I spent a couple of hours to choose my read and zeroed in on Hans Fallada’s Alone in Berlin (which is also known as Every Man Dies Alone). The book is translated by Michael Hoffman. For the writing sounds utterly beautiful, I want to believe that Hoffman has done a remarkable job. My friends, who have read the book in German, should be able to validate my opinion. For the nonce, I am basking in the book, in its pain, in its people, in their failures, and in their little triumphs.
Alone in Berlin is about 568 pages long in English. I have finished reading 50% and I couldn’t continue without gushing about how it’s already moving me, questioning my beliefs, and restoring my faith. Hence, I intend to write two blogs about the book. The first part is here.

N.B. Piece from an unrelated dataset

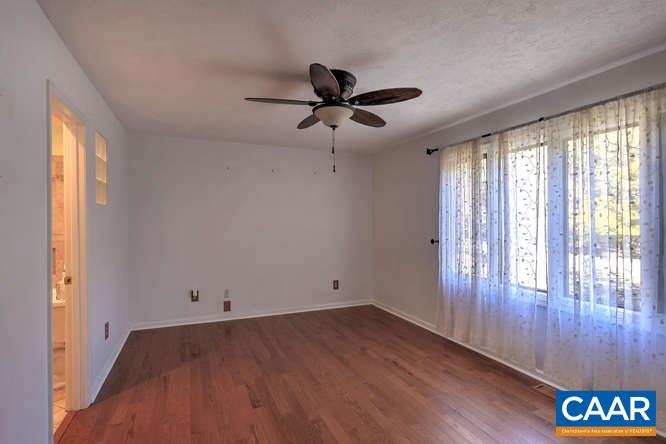 20 Begum Road Palmyra, VA 22963 - Photo 22 of 32 wooden floor in an empty room with a window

The war has begun; not the one between countries which is siphoning off peoples’s blood, but the one that the Quangels are waging against Hitler and the Nazis. It’s not an elaborate battle, not a loud protest, but a quiet, systematic one, which is still precarious. They write postcards and drop them in places frequented by all sorts of citizen. They tell Berlin in their own way that Hitler has murdered their only child (their son). They ask Germans to go against the system within their own limits — put sand in machines, do not contribute toward the Winter Relief Fund, raise your voice silently, and so long as the voices are raised, Hitler would know that that kind of people still exist with a modicum of justice in their hearts.
‘The first sentence of our first card will read: “Mother! The Führer has murdered my son.”’ Once again, she shivered. There was something so bleak, so gloomy, so determined in the words Otto had just spoken. At that instant she grasped that this very first sentence was Otto’s absolute and irrevocable declaration of war, and also what that meant: war between, on the one side, the two of them, poor, small, insignificant workers who could be extinguished for just a word or two, and on the other, the Führer, the Party, the whole apparatus in all its power and glory, with three-fourths or even four-fifths of the German people behind it. And the two of them in this little room in Jablonski Strasse!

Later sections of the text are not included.